Constant-context skill learning slashes prompt tokens 7x while boosting agent performance
AI agents learn reusable skills without needing full history—privacy and efficiency improved.
LLM agents operating browsers, files, and tools face a fundamental tension: cloud models execute complex multi-step workflows but expose sensitive intermediate context to external APIs, while local models preserve privacy but underperform. Both approaches also waste tokens on long skill prompts and growing histories. A new paper from researchers led by Haoyang Xie introduces constant-context skill learning—a context-to-weights framework that distills recurring workflows into lightweight task-family modules. Instead of conditioning inference on a full history, agents process only the current observation and a compact state block maintained by a deterministic tracker. This tracker maps task progress to a fixed-size state and supplies aligned subgoal rewards, enabling step-level supervised fine-tuning followed by online reinforcement learning.

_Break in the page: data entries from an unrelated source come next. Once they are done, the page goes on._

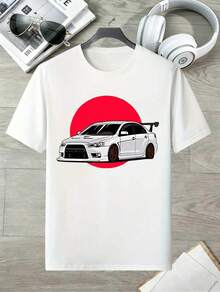 Women T-Shirts - White - View 1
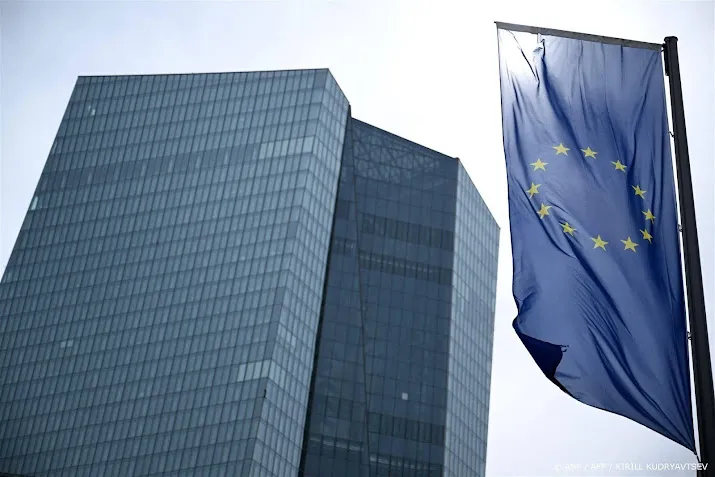 ecb houdt vijfde rentepauze op rij
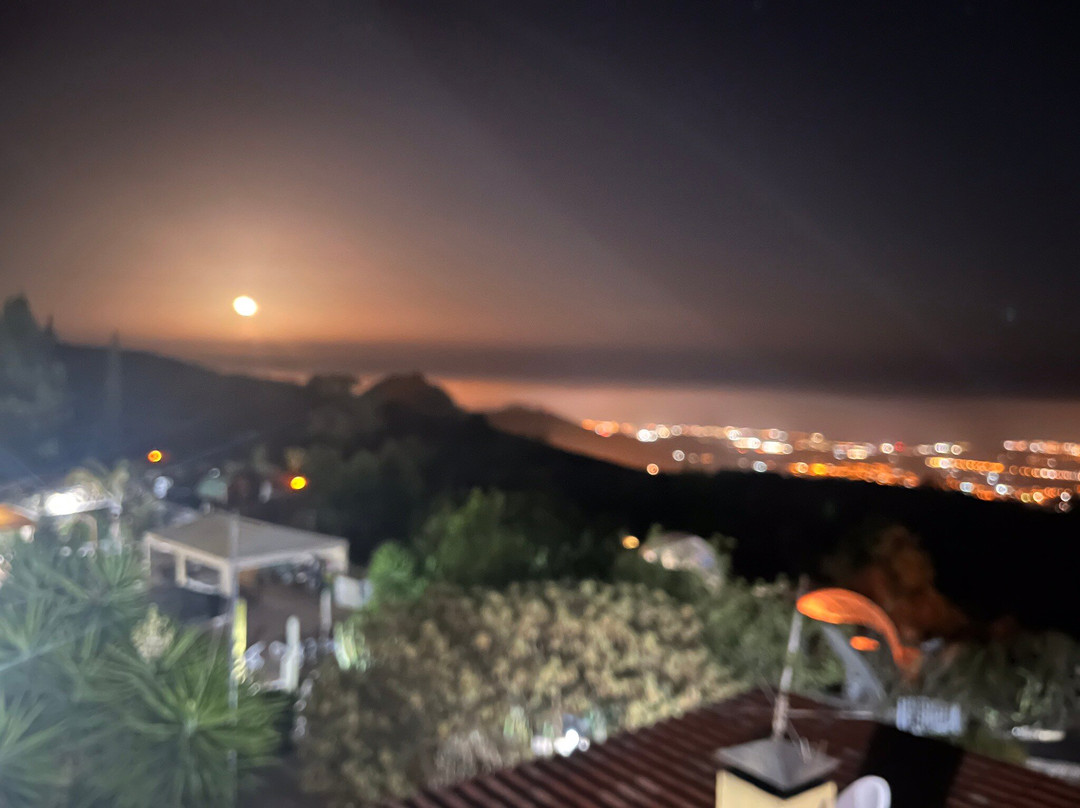 Hotel Rural La Correa Del Almendro主图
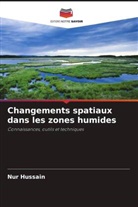 Nur Hussain - Changements spatiaux dans les zones humides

The method was validated on three benchmarks—ALFWorld, WebShop, and SciWorld—using Qwen3-4B, Qwen3-8B, and Llama-3.1-8B. With Qwen3-8B and SFT+RL, success rates hit 89.6% on unseen ALFWorld tasks, 76.8% on WebShop, and 66.4% on SciWorld, matching or exceeding prior agent-training results while reducing prompt tokens per turn by 2–7× relative to controlled ReAct baselines. By shifting procedural context from prompts into weights, the framework enables private, cost-effective personal assistants that retain cloud-level reliability without leaking history.
- Reduces prompt tokens per turn by 2–7× vs. ReAct baselines, drastically lowering API costs and latency.
- Achieves 89.6% unseen success on ALFWorld and 76.8% on WebShop using Qwen3-8B with SFT+RL.
- Enables local LLM agents to match cloud-level performance without exposing sensitive intermediate context.
Why It Matters
Constant-context learning makes private, cost-efficient personal AI assistants viable without sacrificing capability.